Carborro amends mid-year final exam mandate in response to petition

“I highly respect our Carrboro High staff, but I am downright ashamed.”

“Announcing a change like this in the middle of the year without notice is not only ridiculous but unprofessional.”

“The implementation and communication of this policy were a complete failure.”

     These are just a few of the reactions from disgruntled Carrboro High School community members who signed the “Rescind the Belated Final Exam Policy” petition. The initiative was launched in February in response to school administration announcing that final exams would be mandatory and worth 20 percent of students’ overall class grades, effective immediately. That change would have replaced Carrboro’s previously nonexistent final exam requirement and aligned their policy with the other Chapel Hill-Carrboro City high schools, had it not been amended.

     Seven weeks and 700 petition signatures after the initial policy update, school administration yielded. In an email to all Carrboro High School parents, teachers and students, Principal Helena Thomas thanked the community for their feedback and announced, “Students will be held harmless for the 2023-2024 school year, meaning their overall grade can only increase, not decrease, due to taking a required teacher-made final exam.”

     Carrboro junior, Alexander Kwok, and his mother, Melinda Manning, who created the petition, said they were surprised by how much support they received.

     “We didn’t know what to expect. People seem to have a very short attention span nowadays. They get upset about things, but that can fizzle quickly. But, when so many people started signing so quickly, and not just signatures, but comments too, we knew we touched a nerve,” Manning said.

     With an enrollment of fewer than 900 students, Carrboro is the smallest school in CHHCS – making the flurry of comments and 700 signatures even more impressive. 

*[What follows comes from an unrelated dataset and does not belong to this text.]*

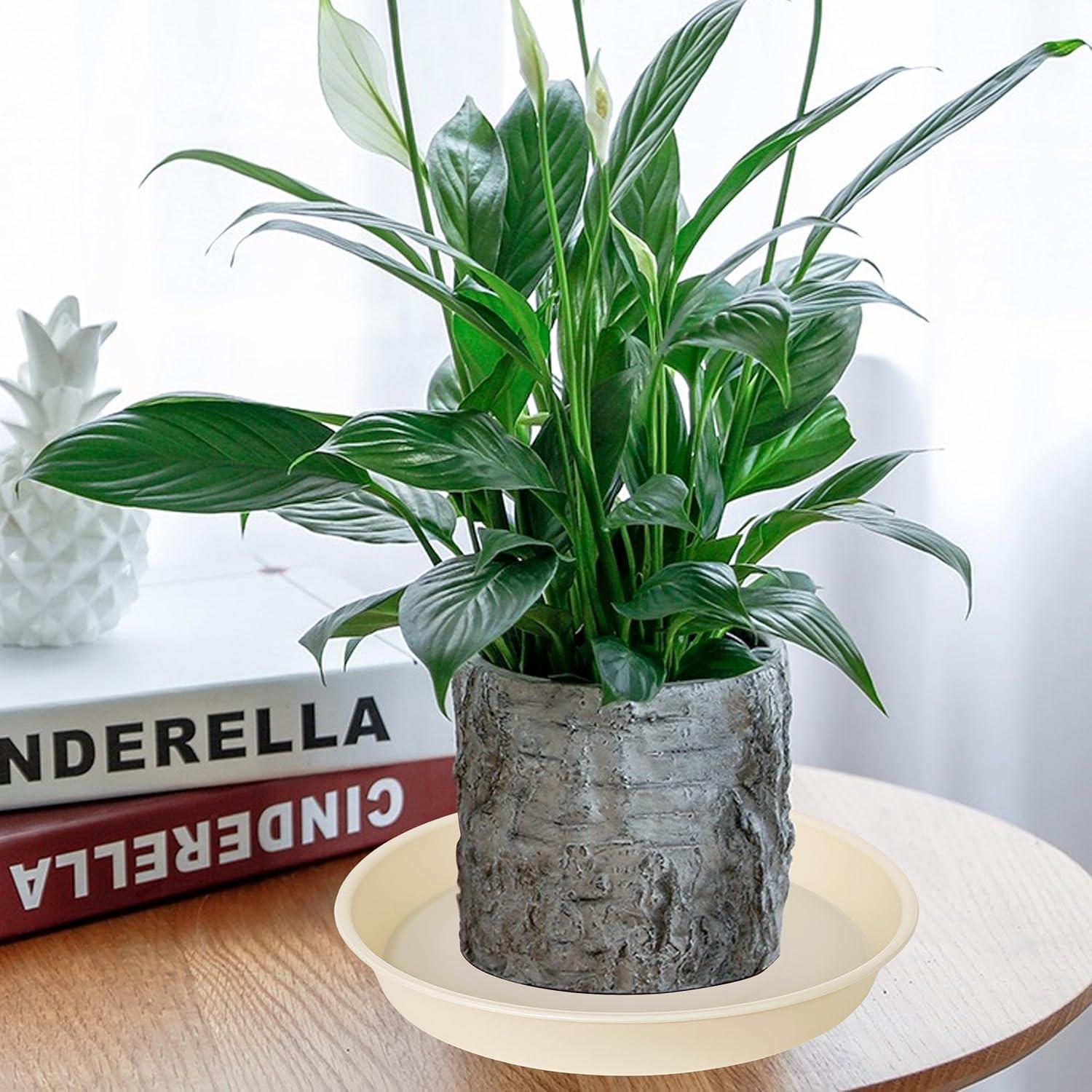 6 Platos de Drenaje Beige Bleuhome 10.16 cm para Macetas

     “It’s one thing just making a petition, but having hundreds of people sign is huge,” Kwok said. “We created the platform, but change only happened because of the people.”

     Although both Manning and Kwok consider the recent policy update to be a “fair compromise,” achieving it was not entirely straightforward. Kwok, a member of the CHCCS Student Equity and Empathy Ambassadors, initially tried to broach the subject at their monthly meeting.

     “[Carrboro’s] principal, Dr. Thomas, came to our meeting, but when I tried to discuss final exams with her, I didn’t receive any concrete feedback. They didn’t choose to comment on the topic; they just avoided my question, which made me pretty upset at the time,” Kwok said. 

     However, when he took the issue home, his mother’s law background proved to be a valuable asset in developing his argument.

     “The process of getting a law degree really changes your thinking and how you analyze issues,” Manning said. “When Alex came home and got into the policy change, my mind immediately jumped to the idea that, although a syllabus isn’t a legal contract, [Carrboro High School] was basically violating an agreement with their students.”

     In the reasoning for their petition, Manning and Kwok argue that “late changes to syllabi that are punitive to students go against the concept of a syllabus as a good faith agreement,” and reference the grading policy listed in Carrboro’s 2023-2024 school handbook. Manning says that she wouldn’t have been prepared to make the petition if she had a different background.

     Christian Cabrera, Carrboro’s student body president, saw that many students and teachers were unhappy when final exams were made a requirement, but he personally believes that it was a necessary change.

     “Now, people are just going to go and guess on the whole exam because it can’t hurt your grade. People are definitely going to get a little bit lazy,” Cabrera said. 

     Despite his opinion, Cabrera still signed the petition, because he “felt it was most representative of the students.”

     Andrew Chin, a junior at East Chapel Hill High School, also favors a standardized final exam policy for all schools in the district.

     “Depending on the class and final exam requirements, I may study for up to 10 hours leading up to a final. It is a little frustrating that Carrboro’s students won’t have to put in as much work to get the same grade as me,” Chin said. “Softening the policy was well-intentioned, but it doesn’t translate to the real world. You won’t get rewarded for not trying.”

     However, despite their focus on rescinding this year’s final exam requirement, Kwok said that he “personally wouldn’t mind having tests in future years,” which Manning agrees with. Her only suggestion would be to withhold end-of-year exams for Advanced Placement classes because they “already have a built-in final test.” Going forward, the pair aims to hold school administration accountable.

     “The bigger, ongoing issue is the lack of communication. The first [final exam] policy change was only announced in an assembly, and the information felt almost hidden from parents,” Kwok said.

     Manning added to his statement. 

     “There needs to be more transparency. The administration obviously has to make big decisions, but they should be taking input. I mean, effective communication is a two-way street,” she said.

     Whether or not Carrboro maintains their current final exam policy in future years remains to be seen. When reached to request clarification, the school’s administration declined to comment.